Write every line below out again exactly, images omitted.
+++ Data shown +++
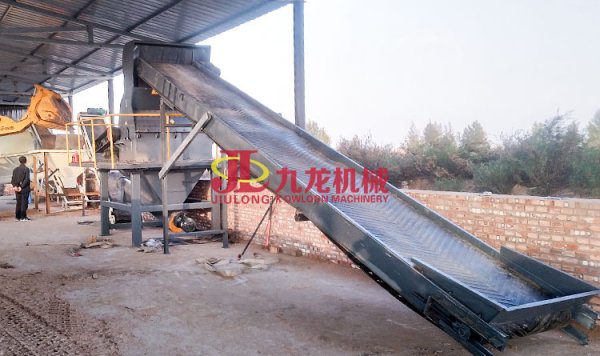 锯末粉碎机将废木树枝粉碎机厂家料的价值充分发挥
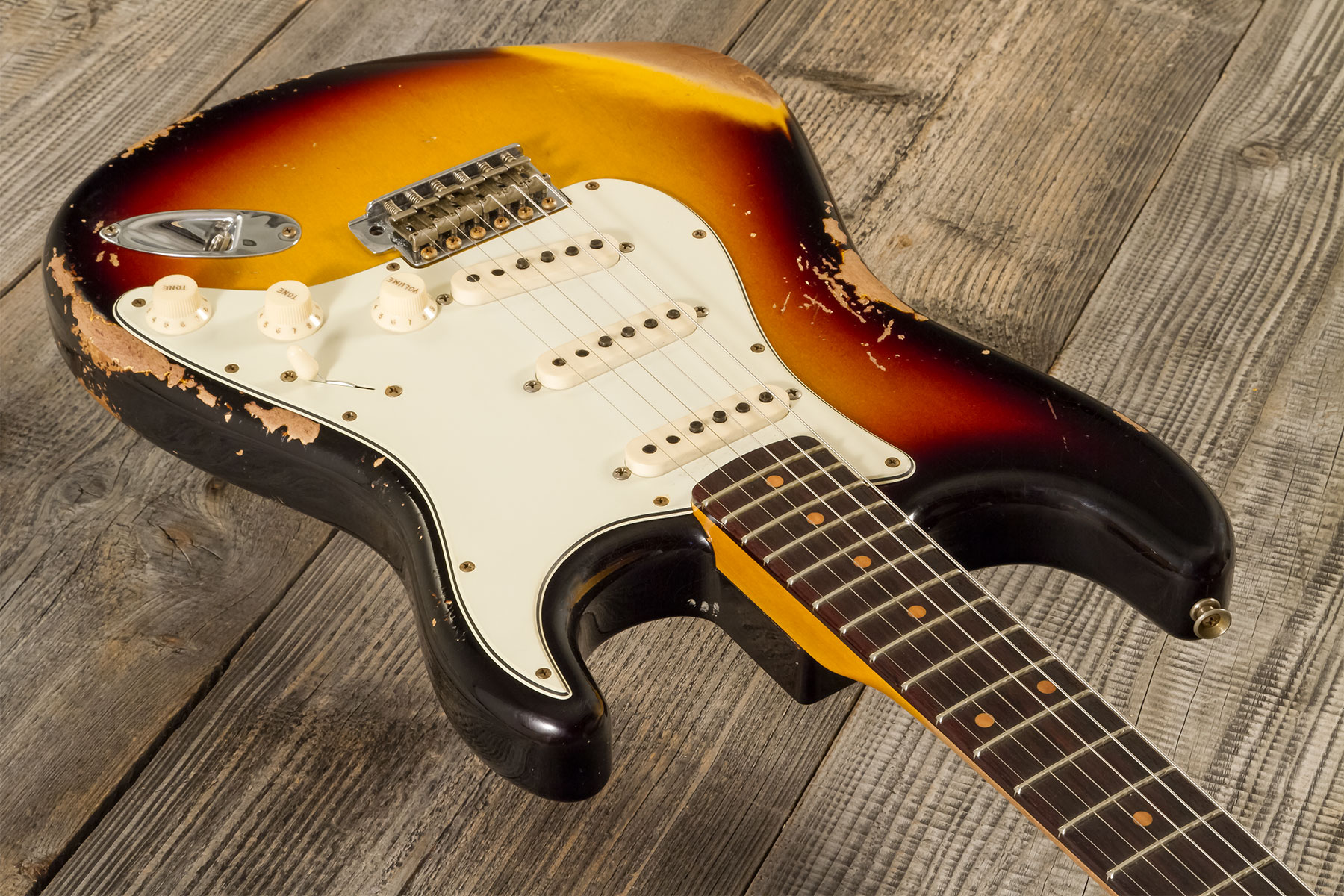 Fender Custom Shop Strat 1960 3s Trem Rw #cz578789 - Heavy Relic 3-color Sunburst - E-Gitarre in Str-Form - Variation 2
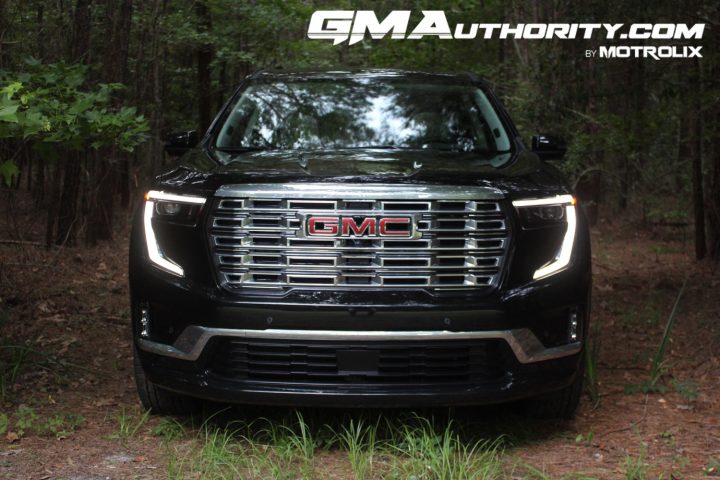 Front view of the 2025 GMC Acadia generation.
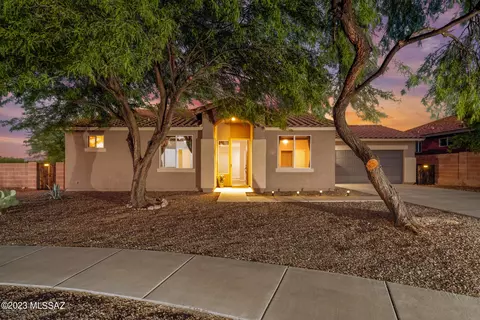 3372 N Glove Mine Ct, Tucson, AZ 85745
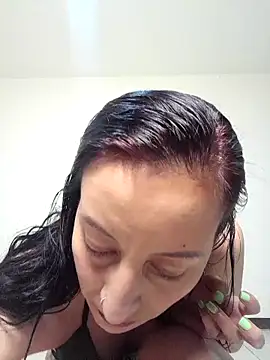 Snapshot of Oriana111 chatting on 10.18.25 Oriana111 online show from 10.18.25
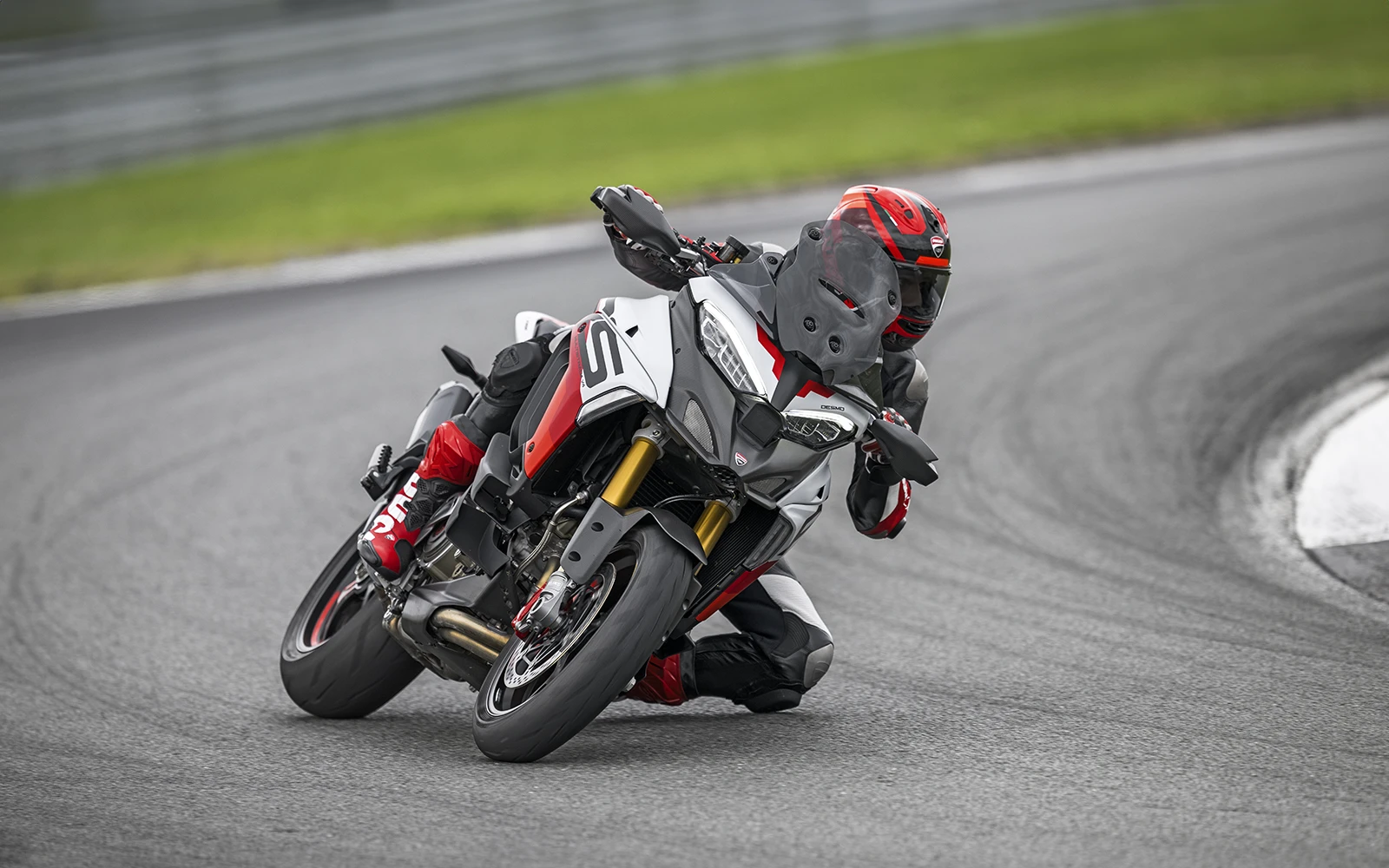 New Ducati Multistrada V4 RS - Choose It All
+++
## Solution for this problem
 锯末粉碎机将废木树枝粉碎机厂家料的价值充分发挥
 Fender Custom Shop Strat 1960 3s Trem Rw #cz578789 - Heavy Relic 3-color Sunburst - E-Gitarre in Str-Form - Variation 2
 Front view of the 2025 GMC Acadia generation.
 3372 N Glove Mine Ct, Tucson, AZ 85745
 Snapshot of Oriana111 chatting on 10.18.25 Oriana111 online show from 10.18.25
 New Ducati Multistrada V4 RS - Choose It All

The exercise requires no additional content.